Ma qual è la ricaduta delle attività sul territorio? «Misuriamo l’impatto dei nostri progetti proprio per comprenderne l’efficacia e l’efficienza e utilizziamo queste misurazioni proprio per aumentare e migliorare i risultati raggiunti. Il lavoro che facciamo, per quanto sempre migliorabile, ha un impatto importante sulla vita delle persone che incontriamo in termini di riduzione della povertà, ma soprattutto di aumento di protagonismo nella propria vita. Quest’ultimo aspetto è quello che mi sta più a cuore in quanto determina la sostenibilità dei nostri interventi, oltre a essere il più appassionante perché mi coinvolge dal punto di vista umano. Bellissimo a questo proposito il rapporto e il confronto con i miei colleghi ugandesi con cui è interessantissimo sviluppare approcci nuovi e allo stesso tempo crescere insieme sia umanamente che professionalmente, animati dalla passione per le persone che cerchiamo di aiutare».
L’insegnamento è un tema importante e assume diverse forme nell’esperienza di Francesca. «Gli ugandesi sono un popolo meraviglioso, accogliente, paziente, pieno di vita e potenzialità. La loro resilienza, ossia la capacità di affrontare le difficoltà e di reagire ai traumi della guerra è la cosa che più mi ha sorpresa e mi ha insegnato, e mi insegna tuttora, a stare di fronte a tutta la realtà compresi i dolori e la morte, perché anch’essi parte importante, e di non meno valore, della vita. L’Uganda è anche un Paese con moltissime risorse naturali, parchi bellissimi, dichiarato meta turistica del 2012 dall’Organizzazione Mondiale del Turismo. Da visitare!».
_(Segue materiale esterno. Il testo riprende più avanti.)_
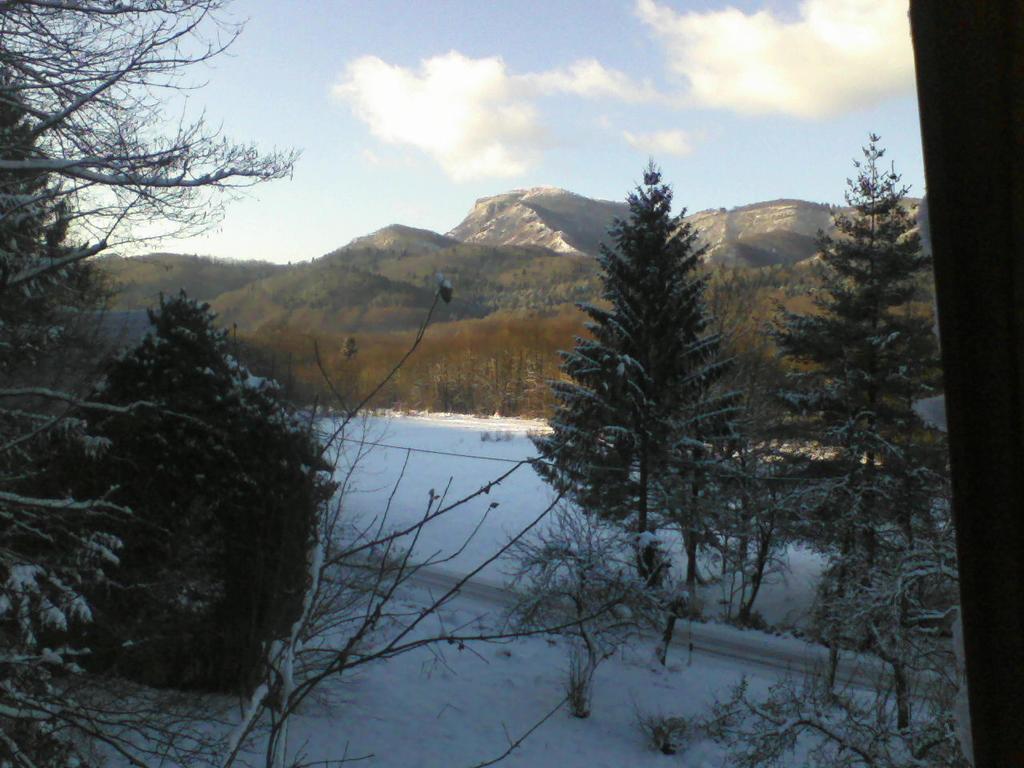 Holiday Home Vesna Brod na Kupi Exteriér fotografie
Dall’altra parte, Francesca ha mantenuto i rapporti con il master, impegnandosi con la Faculty in progetti di ricerca e, dallo scorso anno, con un insegnamento in Aseri, dove tiene lezioni di monitoraggio e valutazione e di sviluppo economico attraverso micro-impresa. «Insegnare mi piace moltissimo e mi permette di restituire a giovani appassionati alla mia stessa carriera in cooperazione quello che apprendo e che ho appreso in Africa e che sono capace di mettere a tema proprio grazie agli insegnamenti a mia volta ricevuti dall’Aseri».